Seu reinado foi marcado pela tentativa de reformar a Igreja e por seu uso de investiduras laicas para atingir objetivos políticos e religiosos. Sua política continuou sob seu filho e sucessor, Henrique IV, e levou ao conflito conhecido como a [questão das Investiduras].

O primeiro tutor de Henrique, foi Bruno, Bispo de Augsburg. Com a morte de Bruno em 1029, Egilbert, Bispo de Freisibg, foi nomeado para o seu lugar. Em 1033, com a idade de dezasseis anos, Henrique atingiu a maioridade e Egilberto foi compensado por seus serviços. Em 1035, Adalbero, duque da Caríntia, foi deposto por Conrado, mas Egilberto convenceu Henrique a recusar essa injustiça e os príncipes da Alemanha, tendo elegido legalmente Henrique, não reconheceriam a deposição a menos que seu rei também o reconhecesse. Henrique, de acordo com a sua promessa a Egilberto, não consentiu com o ato de seu pai e Conrado, estupefato, caiu inconsciente após muitas tentativas de convencer Henrique. Ao recuperar-se, Conrado ajoelhou-se diante de seu filho e exigiu o consentimento desejado. Egilberto foi severamente penalizado pelo imperador.
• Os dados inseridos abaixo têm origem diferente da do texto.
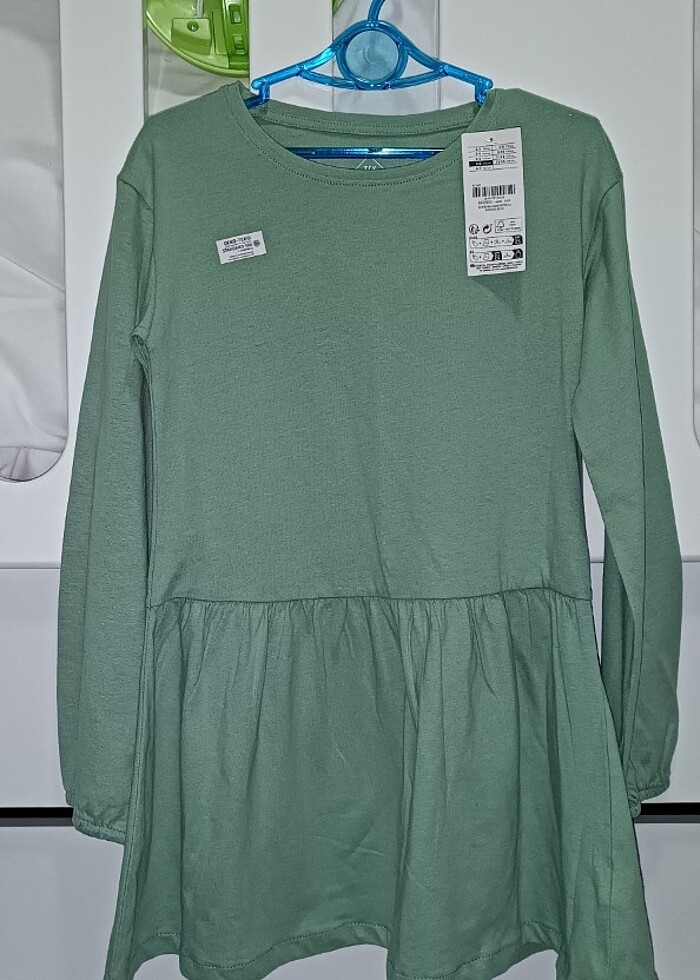 Lcwakiki 5 6 yaş elbise - Görsel 3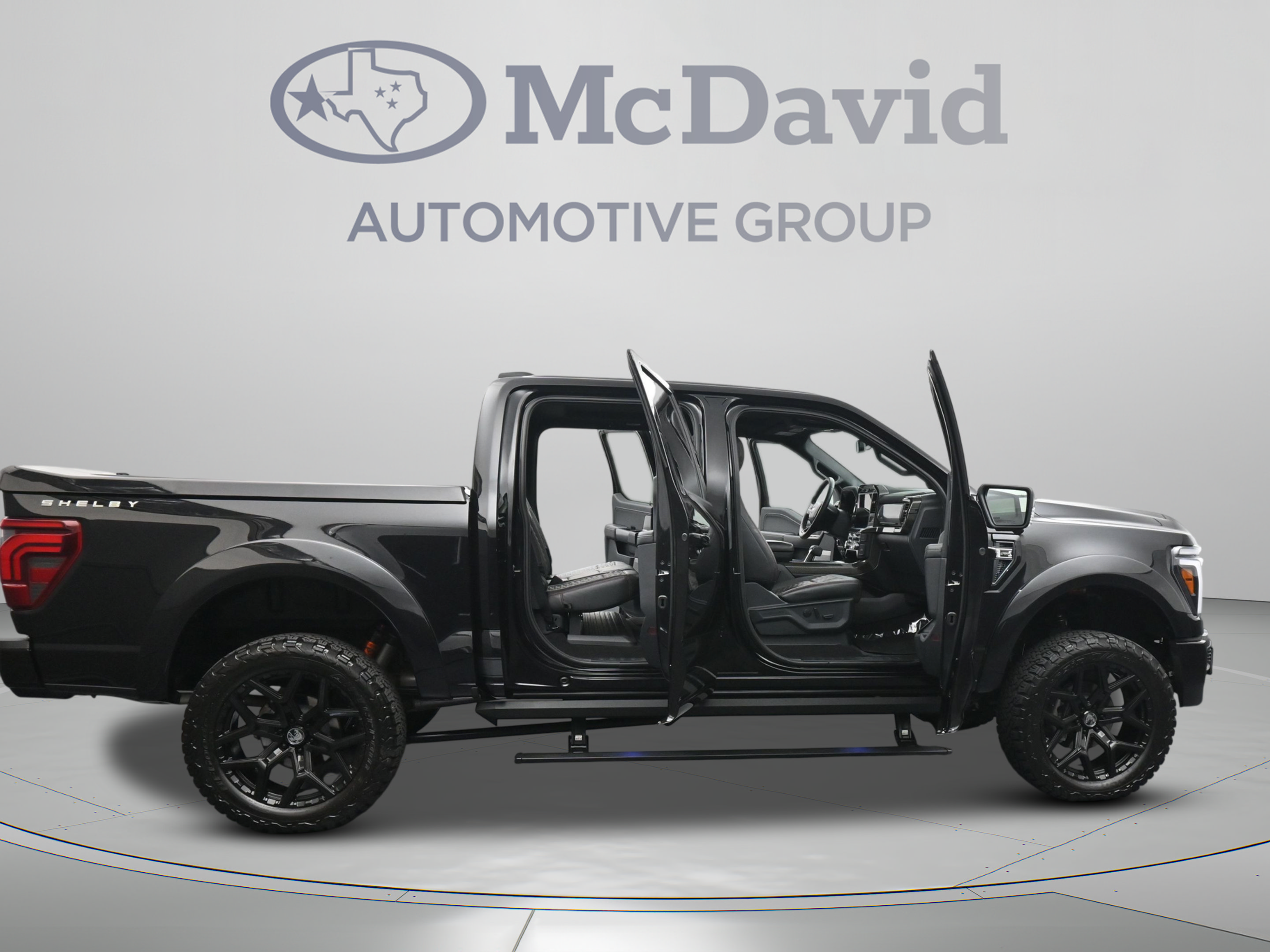 Used 2025 Ford F150 Lariat w/ Equipment Group 501A Mid AWD/4WD image 41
Em 1036, Henrique casou-se com Gunilda da Dinamarca, filha de Canuto, o Grande, rei da Dinamarca, Inglaterra e Noruega, através de sua esposa Ema da Normandia. Desde o início, o pai de Henrique havia combinado com Canuto para que ele governasse algumas partes do norte da Alemanha (Kiel) e, por sua vez, para que seus filhos se casassem. O casamento ocorreu em Nijmegen na idade legal mais precoce. Em 1038, Henrique foi chamado para ajudar seu pai na Itália, e Gunilda morreu na costa do Adriático durante a viagem de volta (da mesma epidemia com que Hermano IV da Suábia morreu). Em 1039, seu pai também morreu, e Henrique tornou-se o único governante e imperador in spe.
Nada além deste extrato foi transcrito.